Permanent residents hit by changes
PRs stunned by new drastic measures
By: Rachel Chang
PERMANENT residents (PRs) now face unprecedented limits on their ability to buy property in Singapore.
To buy a first property, whether a private unit or a Housing Board resale flat, PRs must pay an additional 5 per cent stamp duty.
If they buy a second or subsequent property, the stamp duty is an extra 10 per cent, up from the current 3 per cent more.
Also, PRs who own an HDB flat can no longer sub-let their entire flats, although they may still rent out individual rooms.
Those already sub-letting their flats can do so only until the end of the current approved period.
Finally, while Singaporean flat owners can buy a private property and keep their HDB flats too, PRs will no longer be allowed this dual ownership: On buying a private property, they must sell off their flats within six months.
The changes take effect today.
PRs were stunned by the severe measures, which the Government, said Deputy Prime Minister Tharman Shanmugaratnam yesterday, had “thought hard about”.
Although PRs have never been given access to new, subsidised HDB flats, this is the first time they are being “taxed” for all property purchases, private or public.
Mr Tharman said the move was “necessary, particularly because of the HDB resale market, where PRs are taking up a larger share of new buying”.
While PRs own only a small proportion of HDB flats, they formed “a rising component of demand in the last year” for all forms of housing, he said.
There are 49,190 PR households that own HDB flats. Latest data show 2,142 PR-owned flats are rented out – about 5 per cent of flats approved for sub-let.
PRs last night were dismayed.
“It’s not fair,” said Chinese national Thomas Feng, on the new sub-let ban.

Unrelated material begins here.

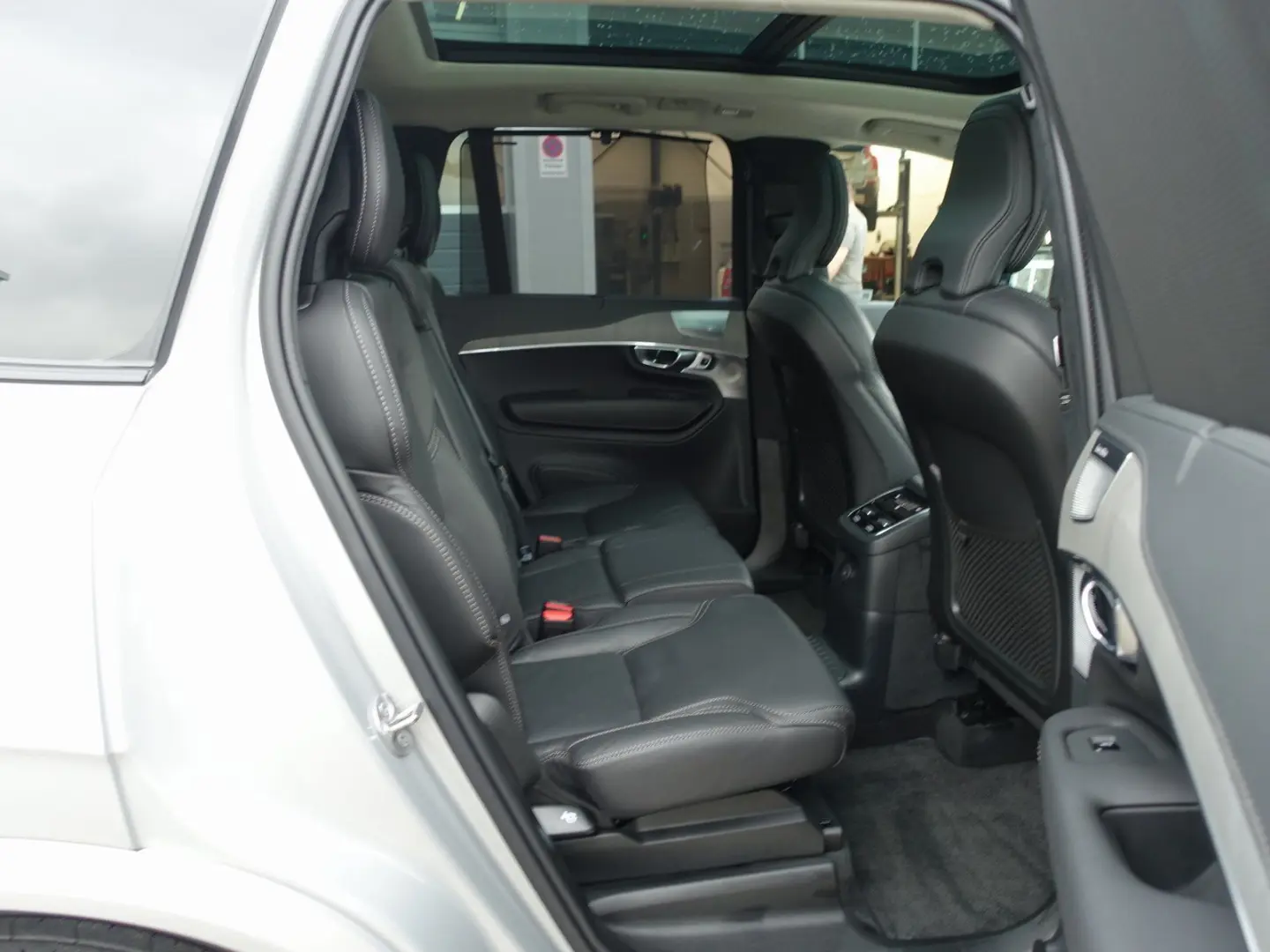 XC90 Ultra Dark T8 AWD Plug-in Hybrid/B&W/Massag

“In this case, why let PRs buy flats at all?”
The accountant, a Henan native in his early 30s, has been a PR since 2007 and owns a four-room flat in Kallang.
Myanmar software developer Zarni Win said she could accept the policy last year that set the duration of the sub-let limit at five years.

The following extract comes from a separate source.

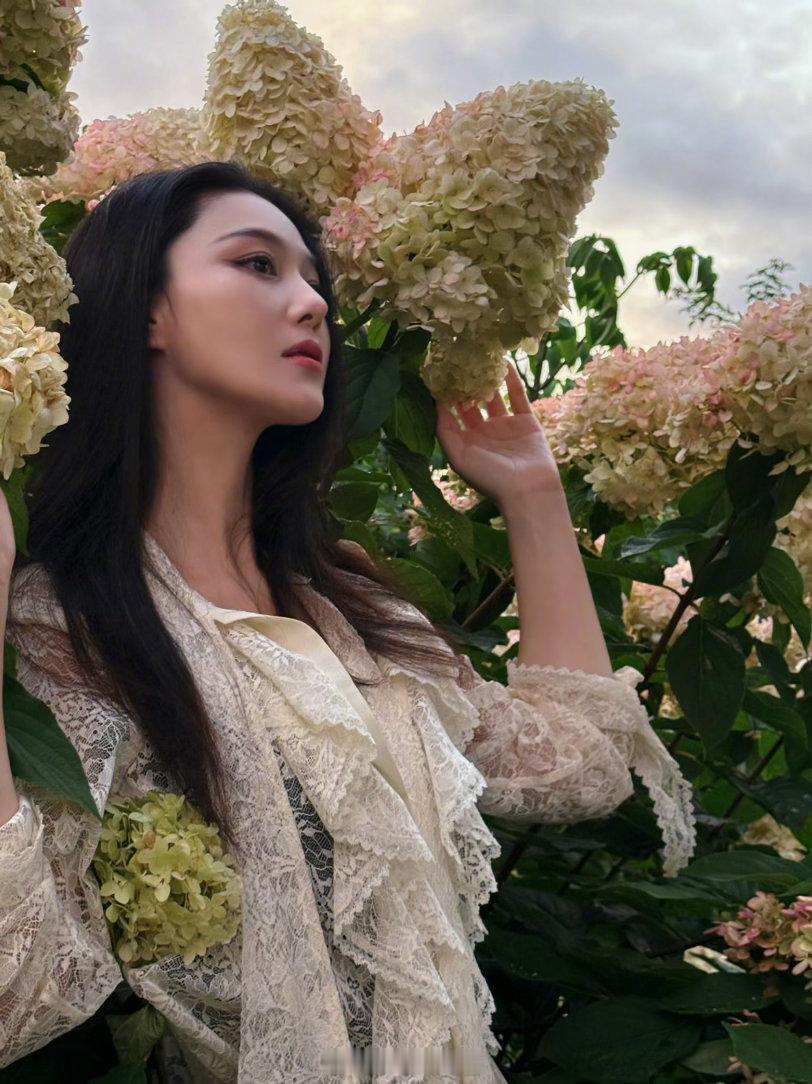 张馨予终于来恋综当红娘了一直很相信张馨予的玄学，希望姐姐多加持，保佑大家都能顺利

“But this new change is too much. What if we have a job posting overseas, then we have to continue paying a mortgage without staying in the flat?” said the 34-year-old.

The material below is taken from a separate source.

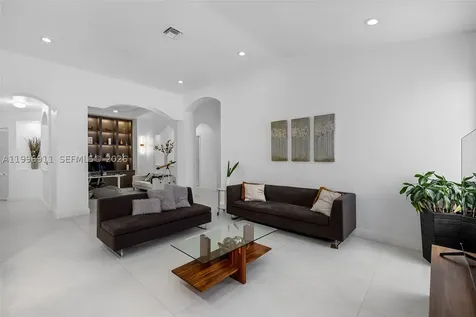 3870 E Hibiscus Street Weston FL 33332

Briton Francis Chandler, 41, an IT professional, who has been a PR since 2010 said: “The PRs I know are all living in their property. Whereas I know a lot of Singaporeans who have multiple properties for investment.”
Others were resigned.
“Of course it is unfair,” said Filipino architect Ram Poyaoan, 48, who owns a five-room flat in Pasir Ris. “But what can we do? It’s like living in your uncle’s house. You don’t get the same treatment.”